### EXERCISE DETAILS
Among the records that follow, find the line with "Imagem: O apartamento" and the line with "Collamouv 25ml x 14 fiole". Set down those lines and all lines between them exactly, without adding anything.

|---|

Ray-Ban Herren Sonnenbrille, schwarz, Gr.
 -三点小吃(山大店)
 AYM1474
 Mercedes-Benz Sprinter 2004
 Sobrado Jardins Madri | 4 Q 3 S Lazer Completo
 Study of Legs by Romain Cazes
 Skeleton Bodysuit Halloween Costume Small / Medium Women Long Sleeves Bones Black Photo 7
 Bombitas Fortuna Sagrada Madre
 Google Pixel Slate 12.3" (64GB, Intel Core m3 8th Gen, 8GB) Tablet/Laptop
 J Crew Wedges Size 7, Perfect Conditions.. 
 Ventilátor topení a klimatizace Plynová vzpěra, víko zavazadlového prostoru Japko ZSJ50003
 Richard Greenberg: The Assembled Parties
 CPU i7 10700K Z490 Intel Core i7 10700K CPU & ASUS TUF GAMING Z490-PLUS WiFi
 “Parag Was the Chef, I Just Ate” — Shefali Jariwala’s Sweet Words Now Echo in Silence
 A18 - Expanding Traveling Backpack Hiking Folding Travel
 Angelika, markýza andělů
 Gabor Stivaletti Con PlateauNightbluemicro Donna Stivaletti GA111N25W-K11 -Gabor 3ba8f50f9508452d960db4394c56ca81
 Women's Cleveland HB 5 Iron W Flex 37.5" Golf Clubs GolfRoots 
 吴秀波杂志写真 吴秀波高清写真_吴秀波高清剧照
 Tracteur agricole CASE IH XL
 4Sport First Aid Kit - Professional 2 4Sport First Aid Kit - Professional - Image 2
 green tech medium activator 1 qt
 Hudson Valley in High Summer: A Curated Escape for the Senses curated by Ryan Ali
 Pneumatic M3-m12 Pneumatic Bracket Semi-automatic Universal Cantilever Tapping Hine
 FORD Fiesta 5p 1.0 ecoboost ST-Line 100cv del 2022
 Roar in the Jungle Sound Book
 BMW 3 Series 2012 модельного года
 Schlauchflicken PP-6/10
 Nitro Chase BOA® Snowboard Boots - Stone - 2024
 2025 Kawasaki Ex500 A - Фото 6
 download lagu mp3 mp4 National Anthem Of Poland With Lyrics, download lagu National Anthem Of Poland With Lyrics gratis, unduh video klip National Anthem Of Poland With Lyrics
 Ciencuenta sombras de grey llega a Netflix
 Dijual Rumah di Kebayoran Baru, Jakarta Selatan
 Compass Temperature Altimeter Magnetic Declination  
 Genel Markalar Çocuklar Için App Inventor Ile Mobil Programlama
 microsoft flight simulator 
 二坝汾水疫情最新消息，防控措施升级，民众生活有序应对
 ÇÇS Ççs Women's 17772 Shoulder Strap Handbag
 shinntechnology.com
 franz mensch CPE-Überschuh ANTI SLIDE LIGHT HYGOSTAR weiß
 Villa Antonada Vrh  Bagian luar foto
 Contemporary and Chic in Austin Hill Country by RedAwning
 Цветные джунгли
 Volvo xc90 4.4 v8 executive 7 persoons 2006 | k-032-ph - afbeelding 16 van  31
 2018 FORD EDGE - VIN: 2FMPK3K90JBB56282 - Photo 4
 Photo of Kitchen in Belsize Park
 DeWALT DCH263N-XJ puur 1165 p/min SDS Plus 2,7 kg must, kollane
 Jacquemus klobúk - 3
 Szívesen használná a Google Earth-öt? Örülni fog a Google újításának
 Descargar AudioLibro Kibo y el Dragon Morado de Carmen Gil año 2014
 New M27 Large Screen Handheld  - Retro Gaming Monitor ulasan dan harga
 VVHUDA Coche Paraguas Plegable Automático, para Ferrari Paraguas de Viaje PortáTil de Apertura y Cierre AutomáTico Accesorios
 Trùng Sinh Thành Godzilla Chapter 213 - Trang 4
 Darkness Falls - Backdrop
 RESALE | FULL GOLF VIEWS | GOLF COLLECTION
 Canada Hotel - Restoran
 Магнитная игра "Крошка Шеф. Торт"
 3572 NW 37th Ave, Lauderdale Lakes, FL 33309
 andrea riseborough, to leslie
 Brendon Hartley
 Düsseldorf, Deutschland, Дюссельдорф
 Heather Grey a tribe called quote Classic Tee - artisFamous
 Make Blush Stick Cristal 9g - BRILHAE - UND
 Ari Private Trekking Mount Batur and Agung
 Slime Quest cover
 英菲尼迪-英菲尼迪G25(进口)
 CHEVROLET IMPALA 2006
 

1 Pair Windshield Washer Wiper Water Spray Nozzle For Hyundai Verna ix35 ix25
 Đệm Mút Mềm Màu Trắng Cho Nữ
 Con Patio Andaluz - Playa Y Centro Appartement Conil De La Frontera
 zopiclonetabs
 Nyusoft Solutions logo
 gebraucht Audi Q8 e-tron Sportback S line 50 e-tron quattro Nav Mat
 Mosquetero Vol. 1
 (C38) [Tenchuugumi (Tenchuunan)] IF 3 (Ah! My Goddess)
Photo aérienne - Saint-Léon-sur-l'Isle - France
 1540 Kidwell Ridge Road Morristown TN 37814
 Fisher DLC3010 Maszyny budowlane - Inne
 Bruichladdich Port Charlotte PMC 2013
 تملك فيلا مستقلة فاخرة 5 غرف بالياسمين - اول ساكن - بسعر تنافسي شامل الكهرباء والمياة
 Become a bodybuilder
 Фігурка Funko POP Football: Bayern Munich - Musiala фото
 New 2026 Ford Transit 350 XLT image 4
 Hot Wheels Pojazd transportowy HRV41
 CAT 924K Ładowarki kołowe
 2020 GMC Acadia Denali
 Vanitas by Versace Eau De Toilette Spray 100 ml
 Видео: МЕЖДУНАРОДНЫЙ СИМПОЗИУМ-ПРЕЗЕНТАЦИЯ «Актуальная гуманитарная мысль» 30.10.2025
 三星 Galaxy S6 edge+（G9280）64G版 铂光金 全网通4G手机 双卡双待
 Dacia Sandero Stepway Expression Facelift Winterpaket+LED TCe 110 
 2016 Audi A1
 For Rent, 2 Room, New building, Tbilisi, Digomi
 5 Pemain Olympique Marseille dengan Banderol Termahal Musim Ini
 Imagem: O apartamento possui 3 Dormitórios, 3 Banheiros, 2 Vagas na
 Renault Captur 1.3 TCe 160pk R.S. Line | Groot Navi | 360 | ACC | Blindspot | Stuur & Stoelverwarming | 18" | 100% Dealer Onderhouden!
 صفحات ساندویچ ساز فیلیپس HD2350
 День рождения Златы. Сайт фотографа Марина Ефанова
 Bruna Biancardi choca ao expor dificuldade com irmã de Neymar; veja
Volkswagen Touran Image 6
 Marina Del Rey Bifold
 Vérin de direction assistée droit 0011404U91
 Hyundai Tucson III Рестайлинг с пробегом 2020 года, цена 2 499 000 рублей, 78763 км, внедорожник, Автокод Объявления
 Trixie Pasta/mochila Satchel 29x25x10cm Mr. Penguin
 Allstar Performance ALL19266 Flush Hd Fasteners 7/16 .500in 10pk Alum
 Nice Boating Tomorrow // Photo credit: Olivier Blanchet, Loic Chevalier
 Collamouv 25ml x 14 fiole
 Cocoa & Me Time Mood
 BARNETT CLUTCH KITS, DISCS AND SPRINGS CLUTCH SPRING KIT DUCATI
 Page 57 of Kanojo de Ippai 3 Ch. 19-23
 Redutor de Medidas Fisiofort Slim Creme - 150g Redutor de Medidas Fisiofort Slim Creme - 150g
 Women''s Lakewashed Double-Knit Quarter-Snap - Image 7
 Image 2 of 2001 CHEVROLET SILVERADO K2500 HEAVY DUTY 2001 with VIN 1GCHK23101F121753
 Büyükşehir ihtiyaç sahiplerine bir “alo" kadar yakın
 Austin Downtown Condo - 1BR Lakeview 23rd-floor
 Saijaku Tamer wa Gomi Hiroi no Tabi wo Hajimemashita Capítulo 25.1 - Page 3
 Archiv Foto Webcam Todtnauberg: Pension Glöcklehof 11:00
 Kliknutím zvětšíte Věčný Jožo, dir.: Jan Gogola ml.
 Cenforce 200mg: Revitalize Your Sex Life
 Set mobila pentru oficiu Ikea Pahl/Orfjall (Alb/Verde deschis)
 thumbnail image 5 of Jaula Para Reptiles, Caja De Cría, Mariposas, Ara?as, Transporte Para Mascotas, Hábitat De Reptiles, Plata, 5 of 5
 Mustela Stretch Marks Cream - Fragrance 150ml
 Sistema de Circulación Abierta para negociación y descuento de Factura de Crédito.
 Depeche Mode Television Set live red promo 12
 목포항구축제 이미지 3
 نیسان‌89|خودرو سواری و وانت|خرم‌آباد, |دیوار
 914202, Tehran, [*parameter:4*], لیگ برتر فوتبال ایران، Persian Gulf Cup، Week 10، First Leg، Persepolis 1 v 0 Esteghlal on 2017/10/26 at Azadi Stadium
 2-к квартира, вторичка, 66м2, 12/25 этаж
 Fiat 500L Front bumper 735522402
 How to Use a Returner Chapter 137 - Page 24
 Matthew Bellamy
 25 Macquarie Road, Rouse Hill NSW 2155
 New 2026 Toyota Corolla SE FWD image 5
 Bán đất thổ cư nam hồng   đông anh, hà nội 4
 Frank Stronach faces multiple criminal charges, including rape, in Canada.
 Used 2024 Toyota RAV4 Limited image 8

|---|

### THE ANSWER
 Imagem: O apartamento possui 3 Dormitórios, 3 Banheiros, 2 Vagas na
 Renault Captur 1.3 TCe 160pk R.S. Line | Groot Navi | 360 | ACC | Blindspot | Stuur & Stoelverwarming | 18" | 100% Dealer Onderhouden!
 صفحات ساندویچ ساز فیلیپس HD2350
 День рождения Златы. Сайт фотографа Марина Ефанова
 Bruna Biancardi choca ao expor dificuldade com irmã de Neymar; veja
Volkswagen Touran Image 6
 Marina Del Rey Bifold
 Vérin de direction assistée droit 0011404U91
 Hyundai Tucson III Рестайлинг с пробегом 2020 года, цена 2 499 000 рублей, 78763 км, внедорожник, Автокод Объявления
 Trixie Pasta/mochila Satchel 29x25x10cm Mr. Penguin
 Allstar Performance ALL19266 Flush Hd Fasteners 7/16 .500in 10pk Alum
 Nice Boating Tomorrow // Photo credit: Olivier Blanchet, Loic Chevalier
 Collamouv 25ml x 14 fiole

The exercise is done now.